Skip to main content

low-level-migration

The low level migration framework is implemented in depot-spark.

The main interface is MultiStepTask which is intended to be run on EMR serverless, when an environment is configured with an executor of type emrserverless then an EMR serverless application is configured automatically, along with a lambda that can be used to invoke the application. However, if an environment does not configure a serverless executor, it is still possible (and relatively straightforward) to set one up by hand, since all we do automatically is create an application with default parameters.

Interface

The lambda interface is of the form:

{
"id": "<if provided, all other properties are ignored and the result of the job with this id is returned>",
"backendVersion": "<depot platform version, defaults to the currently deployed backend version>",
"environmentUri": "<full env uri, defaults to the currently deployed env uri>",
"steps": [
...etc...
]
}

The backendVersion is notably configurable, that is there is no need to deploy a new version to an env to use it.

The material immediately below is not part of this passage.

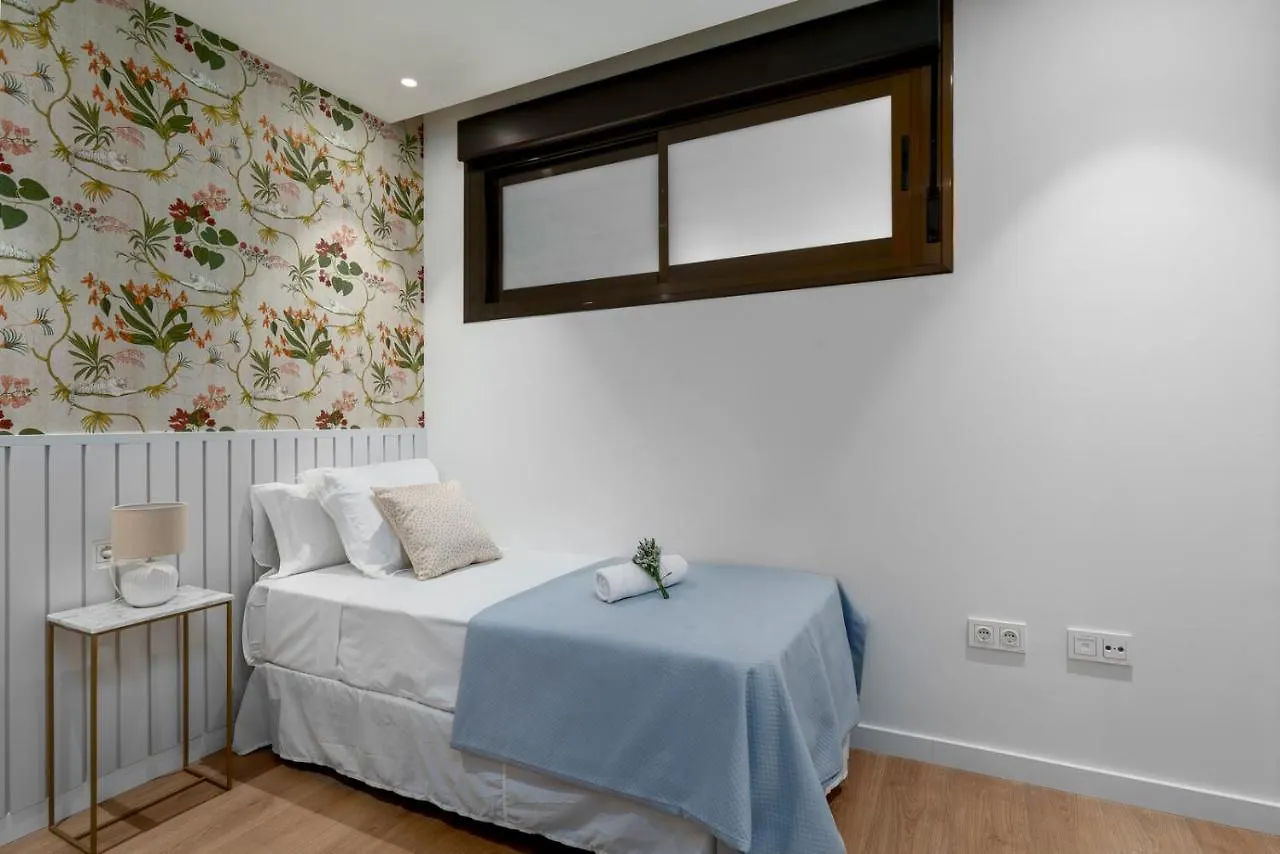 Atico Plaza Del Teatro 3 Habitaciones Malaga Apartment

However, the most common usage would be to let most properties default to those provided by the deployed env e.g.:

{
"steps": [
...etc...
]
}

The response is of the form:

{
"id": "<id of the invoked job>,
"status": "RUNNING" | "FAILED"
}

This is converted to an EMR command of the form:

spark-submit --class tech.stage.depot.platform.spark.task.MultiStepTask --environment-uri <env uri> --environment-id <env id> --steps <jon encoded step array>

Internal format

Most steps operate by taking data from some external format (e.g. DynamoDB export format), converting the data into the internal format, and/or converting data back to external formats or writing directly to storage.

The internal format is Parquet partitioned in S3 as follows:

<root>/datasetId=<dsid>/store=<storename>/schema=<schemaname>/schemaVersion=1

The schema version field should be ignored, it is NOT the schema version as set by the developer of the schema, and should always be 1, if that ever changes, then this document should be updated to reflect that change.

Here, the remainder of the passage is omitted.